My home network uses IPv4 and IPv6 ranges. Several machines run docker and all have default ranges, which of course overlap. I can setup docker networks with fixed IP ranges, but for one case that does not solve everything since it creates ad-hoc networks.

My setup

For CI/CD I use a Drone CI docker runner for some workloads. For each build step, it spawns a new docker container, so it's quite powerful and flexible. This is a tradeoff against requiring access to the docker socket to manage docker containers.

It is a security issue to give docker containers access to the docker socket, so to mitigate that slightly, I run a VM only to run docker for drone runner.

So I have a machine (apollo)¹, which runs drone CI and other services in docker containers. Then I have another machine (heracles) where I run the drone runner. Both machines use the same subnet (192.168.1.0/24). On apollo I run docker containers and on orion I run a virsh VM which runs Docker inside. Docker by default recycles the same subnets (in this case 172.16.0.0/12 in blocks of /16). I have created non-overlapping docker networks on apollo and orion, so they are stable even between reboots.
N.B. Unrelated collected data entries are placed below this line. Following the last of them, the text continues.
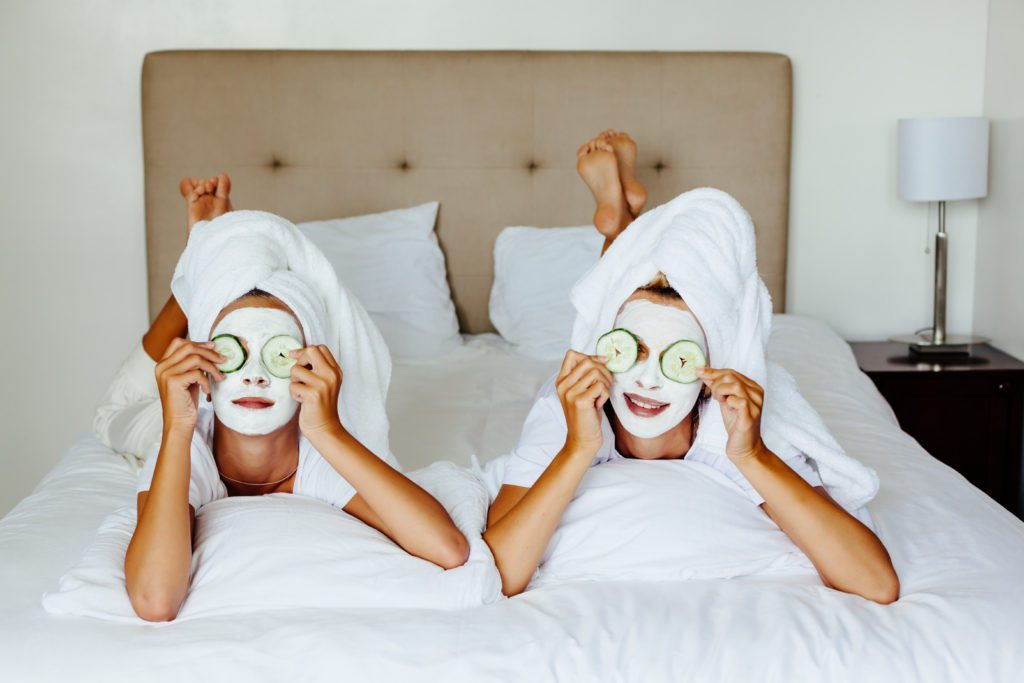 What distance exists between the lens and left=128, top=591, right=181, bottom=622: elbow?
1.34 meters

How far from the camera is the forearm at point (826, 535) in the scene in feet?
4.65

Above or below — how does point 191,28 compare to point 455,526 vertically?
above

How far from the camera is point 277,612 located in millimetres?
1370

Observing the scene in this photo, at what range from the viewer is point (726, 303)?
5.10 feet

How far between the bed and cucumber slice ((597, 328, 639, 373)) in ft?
0.95

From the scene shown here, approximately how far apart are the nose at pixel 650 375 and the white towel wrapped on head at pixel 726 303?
4.1 inches

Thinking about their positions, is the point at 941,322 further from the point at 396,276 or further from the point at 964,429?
the point at 396,276

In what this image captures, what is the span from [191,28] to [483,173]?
0.92 metres

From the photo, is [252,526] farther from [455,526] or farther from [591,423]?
[591,423]

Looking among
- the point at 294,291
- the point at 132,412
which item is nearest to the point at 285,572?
the point at 294,291

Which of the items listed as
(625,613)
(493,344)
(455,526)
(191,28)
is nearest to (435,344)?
(493,344)

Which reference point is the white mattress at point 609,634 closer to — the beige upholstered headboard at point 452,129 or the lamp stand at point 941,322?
the lamp stand at point 941,322

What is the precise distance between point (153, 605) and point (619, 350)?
67cm

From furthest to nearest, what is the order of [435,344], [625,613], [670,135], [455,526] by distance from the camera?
[670,135] → [435,344] → [455,526] → [625,613]
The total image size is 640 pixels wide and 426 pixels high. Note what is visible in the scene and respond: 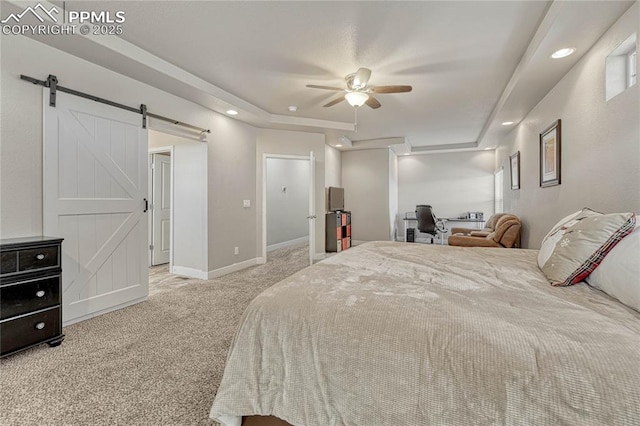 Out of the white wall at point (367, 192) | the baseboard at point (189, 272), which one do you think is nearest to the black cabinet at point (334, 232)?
the white wall at point (367, 192)

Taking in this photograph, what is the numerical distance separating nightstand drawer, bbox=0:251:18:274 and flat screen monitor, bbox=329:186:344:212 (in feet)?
16.2

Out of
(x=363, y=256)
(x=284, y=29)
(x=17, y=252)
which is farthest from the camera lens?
(x=284, y=29)

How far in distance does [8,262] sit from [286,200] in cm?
574

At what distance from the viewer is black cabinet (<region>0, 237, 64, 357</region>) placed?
1935 millimetres

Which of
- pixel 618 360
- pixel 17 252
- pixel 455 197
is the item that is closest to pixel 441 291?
pixel 618 360

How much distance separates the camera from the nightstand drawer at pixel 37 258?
2023 millimetres

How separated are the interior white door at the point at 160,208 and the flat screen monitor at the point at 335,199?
128 inches

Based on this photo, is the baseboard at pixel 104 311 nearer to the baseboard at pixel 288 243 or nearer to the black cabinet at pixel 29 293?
the black cabinet at pixel 29 293

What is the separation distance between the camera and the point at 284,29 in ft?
7.96

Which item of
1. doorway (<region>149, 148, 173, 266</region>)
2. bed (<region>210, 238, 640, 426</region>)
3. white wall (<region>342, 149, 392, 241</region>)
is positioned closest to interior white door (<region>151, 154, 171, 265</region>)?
doorway (<region>149, 148, 173, 266</region>)

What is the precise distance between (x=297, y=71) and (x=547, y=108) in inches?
120

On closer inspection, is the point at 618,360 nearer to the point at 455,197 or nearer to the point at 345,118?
the point at 345,118

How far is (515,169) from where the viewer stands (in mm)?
4891

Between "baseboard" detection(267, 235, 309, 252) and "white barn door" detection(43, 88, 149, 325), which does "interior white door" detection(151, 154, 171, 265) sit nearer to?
"white barn door" detection(43, 88, 149, 325) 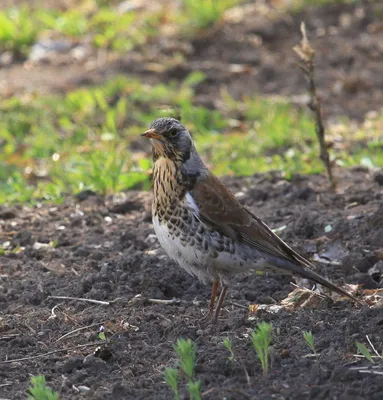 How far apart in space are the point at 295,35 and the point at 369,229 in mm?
6792

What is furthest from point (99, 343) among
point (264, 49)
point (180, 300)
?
point (264, 49)

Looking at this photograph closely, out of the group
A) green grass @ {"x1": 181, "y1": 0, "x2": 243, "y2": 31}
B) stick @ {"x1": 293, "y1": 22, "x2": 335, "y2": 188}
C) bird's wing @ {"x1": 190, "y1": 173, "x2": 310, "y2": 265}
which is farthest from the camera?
green grass @ {"x1": 181, "y1": 0, "x2": 243, "y2": 31}

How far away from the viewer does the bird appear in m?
5.90

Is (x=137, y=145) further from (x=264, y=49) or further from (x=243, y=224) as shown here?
(x=243, y=224)

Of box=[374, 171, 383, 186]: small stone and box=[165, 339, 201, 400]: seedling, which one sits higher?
box=[165, 339, 201, 400]: seedling

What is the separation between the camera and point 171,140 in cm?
605

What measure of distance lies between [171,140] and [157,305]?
1042mm

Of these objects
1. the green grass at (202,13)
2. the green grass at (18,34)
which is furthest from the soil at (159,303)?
the green grass at (18,34)

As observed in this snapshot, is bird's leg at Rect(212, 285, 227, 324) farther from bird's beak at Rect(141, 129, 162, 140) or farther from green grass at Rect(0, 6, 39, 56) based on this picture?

The VM itself needs their own subnet as well and that is again non-overlapping: 192.168.100.0/24.

Diagram 1 shows this convoluted network setup.

,--[apollo]--------------.     ,---[heracles]-----------.
|   192.168.1.1/24       |     |    192.168.1.2/24      |
|   runs docker          |     |    runs virsh/qemu VM  |
|                        |     |                        |
|,-[various]------------.|     |,--[orion]-------------.|
||  172.16.0.0/16       ||     ||   192.168.100.0/24   ||
||  docker containers  <++--.  ||   runs docker        ||
||                      ||  |  ||                      ||
|`----------------------'|  |  ||,-[drone runner]-----.||
`-----------------------'   |  |||  172.17.0.0/16     |||
                            |  |||  docker container  |||
                            |  |||                    |||
                            |  ||+-[runner steps]-----+||
                            |  |||  172.16.0.0/12(!)  |||
                            `--+++> docker containers |||
                               ||`--------------------'||
                               |`----------------------'|
                               `------------------------'

The problem

As you can see in the above diagram, the part I did not talk about yet is whenever the drone runner spawns a new instance for a build job. It will assign a separate network to this instance from the pool of 172.16.0.0/12, which of course overlaps with the docker network on apollo (172.16.0.0/16), hence the (!) mark there.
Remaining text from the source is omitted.